不使用取消審判とは、継続して3年以上、日本国内において、商標権者または専用使用権者等が、各指定商品又は役務に置いて登録商標を使用していない場合に、誰でも、商標登録の取消しを請求することができるものです。

「社会通念上同一」と認められる商標とは、書体のみの変更による同一の商標や、外観において同視される図形からなる商標、等の場合が挙げられます。

 

審決事例

登録商標が、結合商標からなる場合に、文字のみ、図形のみを使用した場合、原則として同一性が否定されることが多数審決結果から裏付けられています。これは、缶詰・ジャム類の製造で著名はアヲハタブランドの商標取消の審決において、登録商標の構成要素の図形の部分だけを使用していた事例です。
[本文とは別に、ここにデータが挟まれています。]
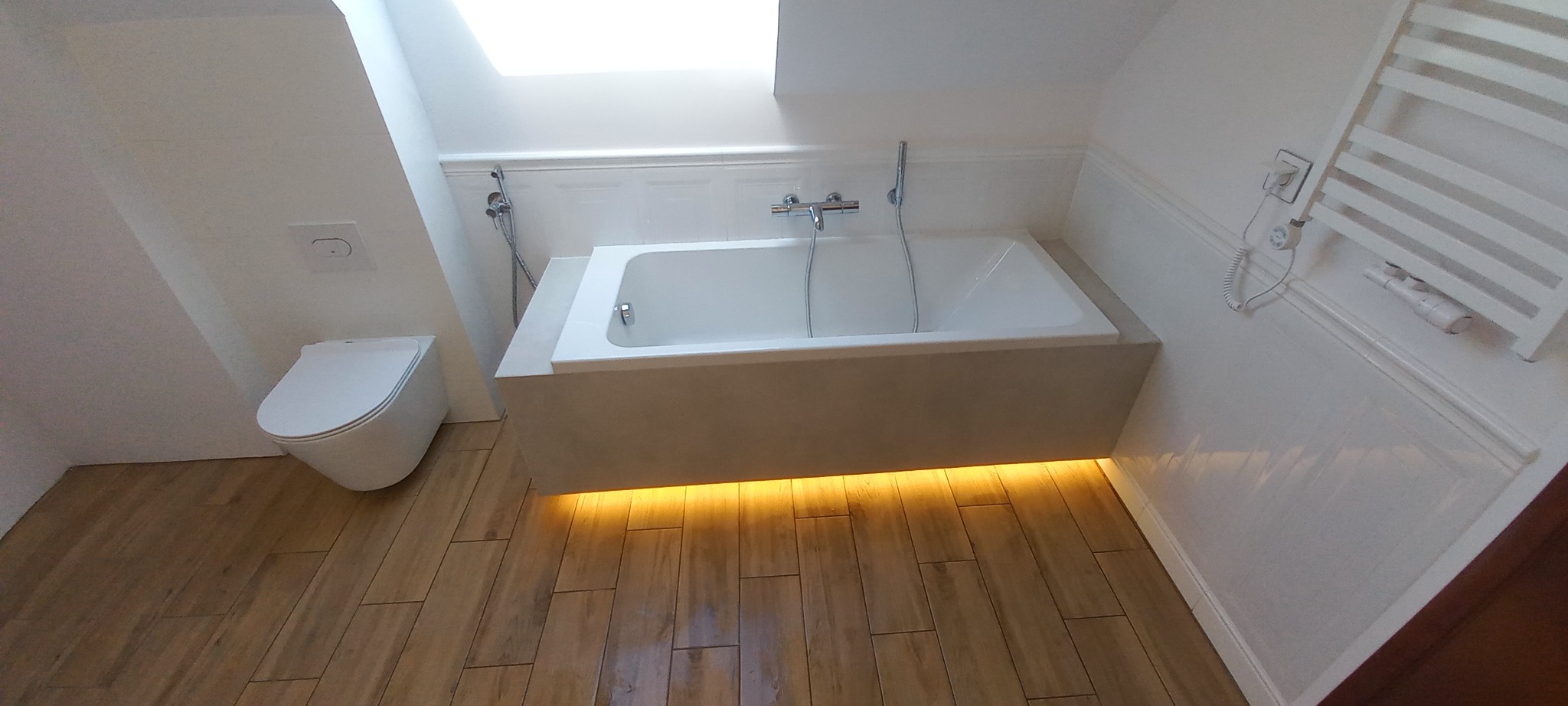 Nowoczesna łazienka na poddaszu: biała wanna z podświetleniem LED, wisząca toaleta i grzejnik drabinkowy na tle białych ścian i drewnopodobnej podłogi.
登録商標と使用商標とは、「青色の三角旗の図形」の部分において類似する商標ということはできても、使用商標は、「アヲハタ」の片仮名文字の構成を欠くものであることから、両商標は外観において互いに同視される商標とはいえず、また、称呼及び観念においても同一とはいえないため、「本件商標と使用商標とは社会通念上同一と認められる商標ということはできない。」という判断がなされました。引用:http://shohyo.shinketsu.jp/decision/tm/view/ViewDecision.do?number=1088631

 

 

使用を想定した登録の必要性

結合商標を登録した場合、その一方のみを使用しただけでは登録商標の使用とは認められる可能性が低いため、結合商標での使用を徹底する必要があります。将来的に文字と図形を分けた形での使用が発生する場合は、文字と図形を分けた形で登録を行うことが理想的であると言えるのではないでしょうか。

 

「Urban Purveyor Group Pty Ltd」は将来の使用を見据え、結合商用と文字商標をそれぞれ権利化を行っており、適切な権利化を進めながら事業展開をしている企業であるのかもしれません。